• _WORK REQUIRED_
Strip out the pictures and transcribe the records that follow exactly.

Brief descriptive captions:

********

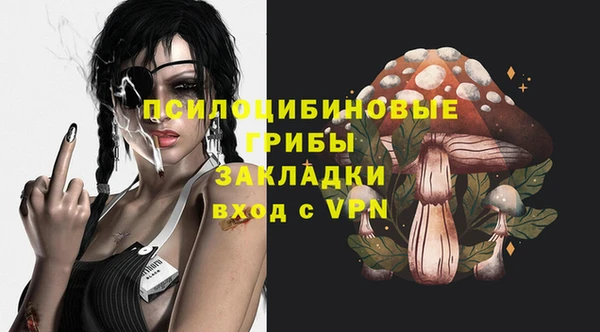 PSILOCYBIN Алексин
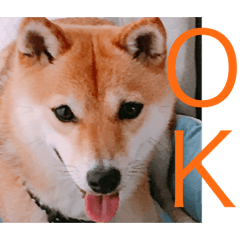 mame_20190814070716
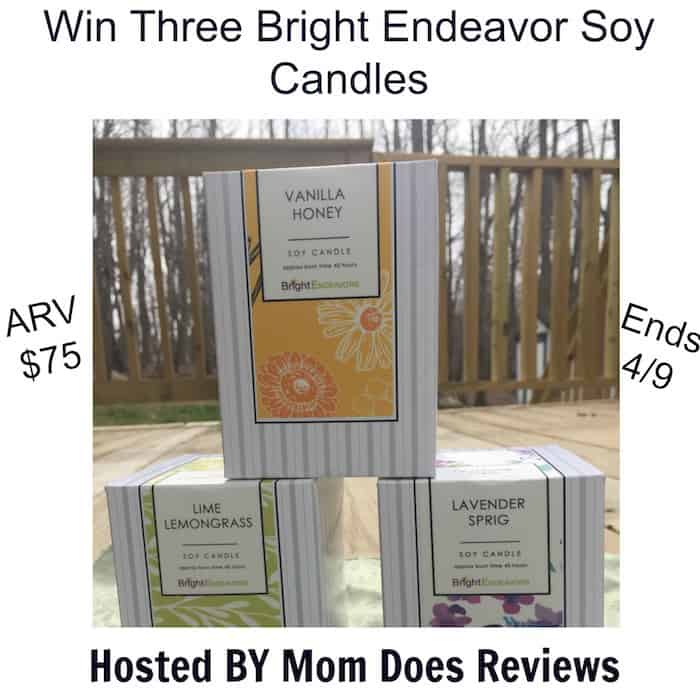 Bright Endeavors Soy Candles
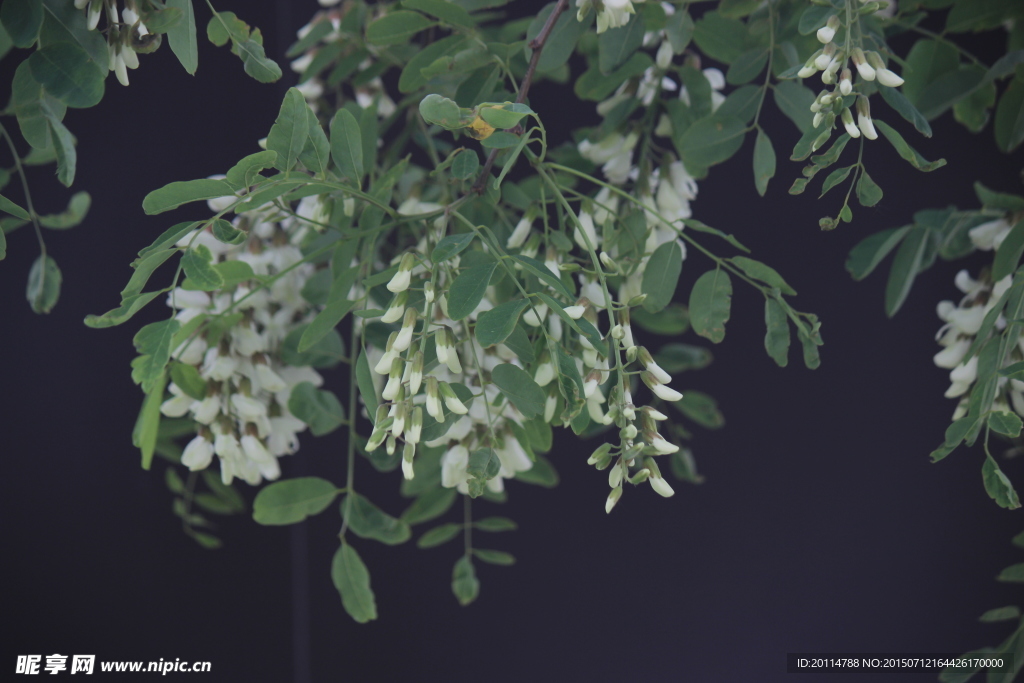 槐花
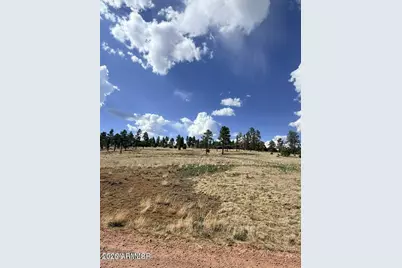 27 County Road 2330 -- #32, Alpine, AZ 85920 - Photo 4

********

• _RESPONSE TO THE EXERCISE_
 PSILOCYBIN Алексин
 mame_20190814070716
 Bright Endeavors Soy Candles
 槐花
 27 County Road 2330 -- #32, Alpine, AZ 85920 - Photo 4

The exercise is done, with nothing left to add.